On May 30, 2014, some Slovenian drivers were treated on an unusual sight: Rolling down Slovenia’s roads on large trucks were the two halves of a fighter jet. The airplane was a Yugoslav-built Orao (“Eagle”) – developed in the 1970s and first flown by a Slovenian -- and it was driven to Slovenia from Romania, where it had last been in use at the turn of the century. Its destination was the Park of Military History near the Slovenian town of Pivka, where it joined other exhibits covering decades of military history in Slovenia and Yugoslavia.
The Park of Military History has its origins in a war. In 1991, Yugoslavia tanks rolled out of the sizeable Pivka barracks in an effort to crush Slovenia’s nascent independence. There campaign was a failure. Slovenia became independent, but the Pivka barracks, too large for the Slovenian armed forces, remained empty for years.
In 2004, however, local authorities joined up with the Ministry of Defense to create a new tourist destination in the abandoned barracks: a park devoted primarily to military equipment. The first exhibit hall opened in 2006 and with the help of EU funds, the park of Military History has expanded through the years to become a popular regional attraction in a remote town where tourism had previously been almost non-existent.
Today, visitors to the Park of Military History can view a multimedia presentation before heading out to view on extensive collection of tanks and other armored vehicles, some dating back to World War II. A few of the more recent vehicles, such as the M-84 tank, were made in Yugoslavia with substantial contributions by Slovenian companies.
One of the most popular exhibits is the Republic F-84G Thunderjet fighter-bomber. The American jets saw wide use in the Korean War, but 167 of them were also given to Yugoslavia as part of U.S. military aid in the 1950s, after the country had broken ranks with the Soviet Union.

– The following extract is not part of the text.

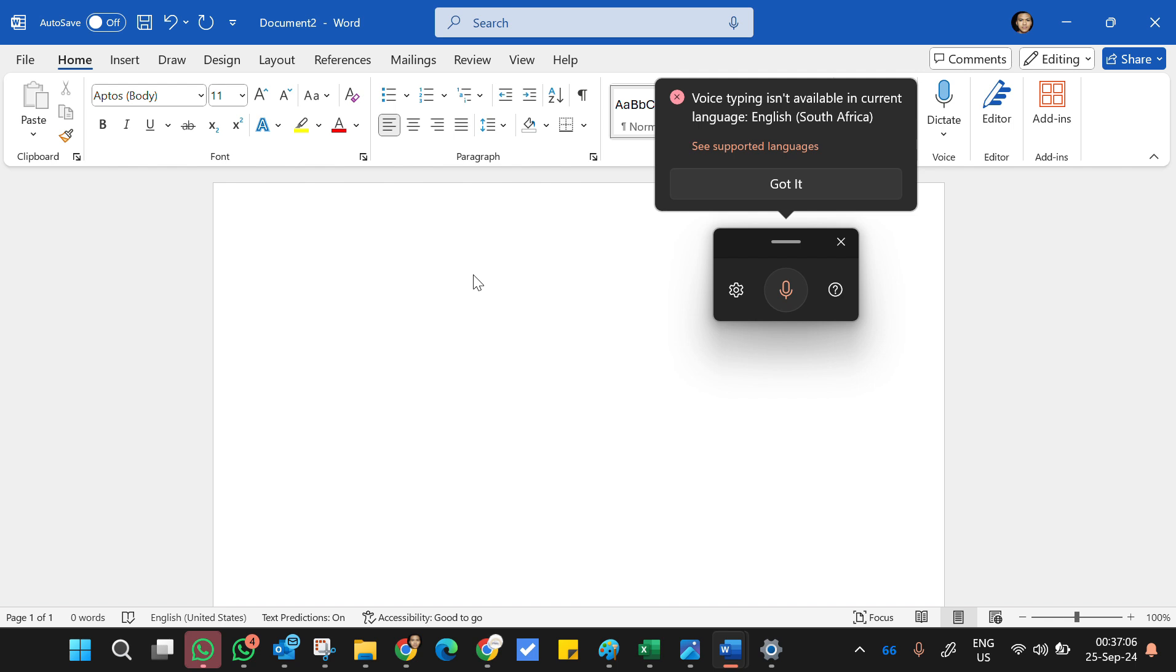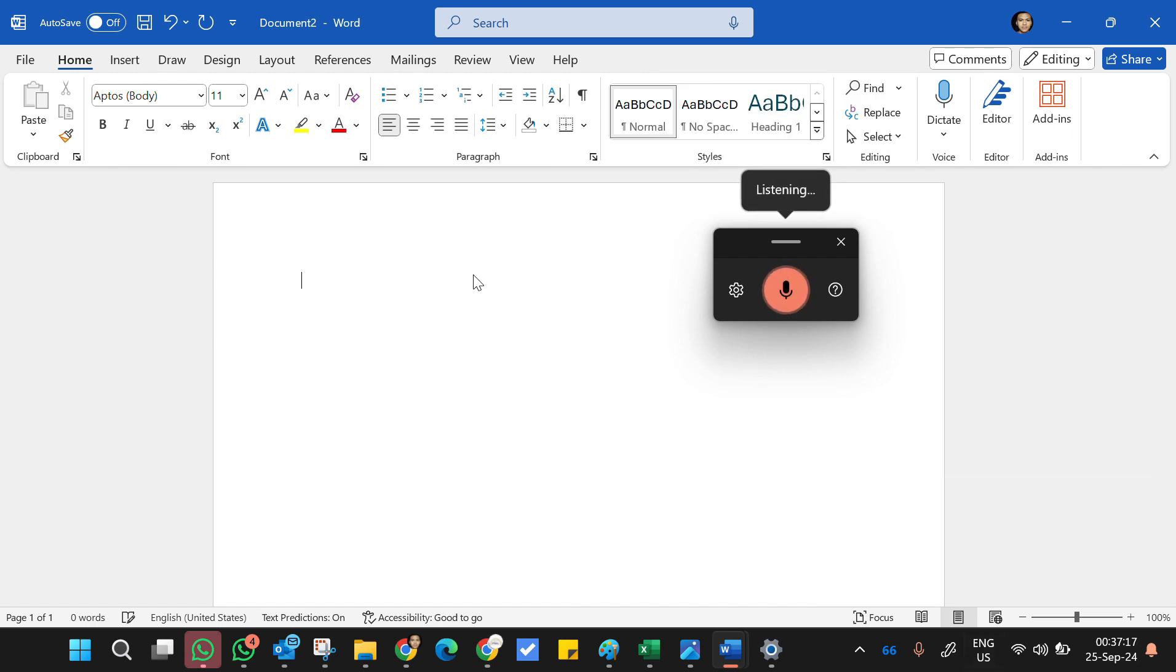It moved into a different language which is South Africa, and you just need to move back to English United States. So to do that, you just press Windows and the Space bar, and now it's recognizing.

The aircraft on display in Pivka – one of those 167 jets -- arrived at the museum in June 2013.
The largest item on display, however, is not an aircraft but a submarine. Dating from the 1980s, the P-913 was built in Yugoslavia, and was, in large measure, a product of Slovenian know-how. Capable of carrying as many as ten crew members, the submarine was intended primarily to lay naval mines in case of an attack on Yugoslavia. After the breakup of the country, this particular craft – known as “Zeta” – ended up in Montenegro, but was given to Slovenia by the Montenegrin government in 2011. (It has to be transported to Slovenia through Italy to prevent it for being seized by Croatia, whose government considered the submarine post-Yugoslav property subject to succession negotiations.)
Ever since it was opened to the public, the submarine has been a huge hit – so much so that advance reservations are requested specifically for this exhibit. Visitors can even enter the craft in small groups and experience the claustrophobic conditions faced by its crew as the submarine made its rounds in the Adriatic Sea.
Visitors can also see photographs chronicling the Slovenian Spring – the democratization movement of the late 1980s that eventually led to Slovenia's independence. Those turbulent years led to the creation of the Slovenian Armed Forces, and after years of shaping the military histories of other nations, Slovenians found themselves with a military to call their own.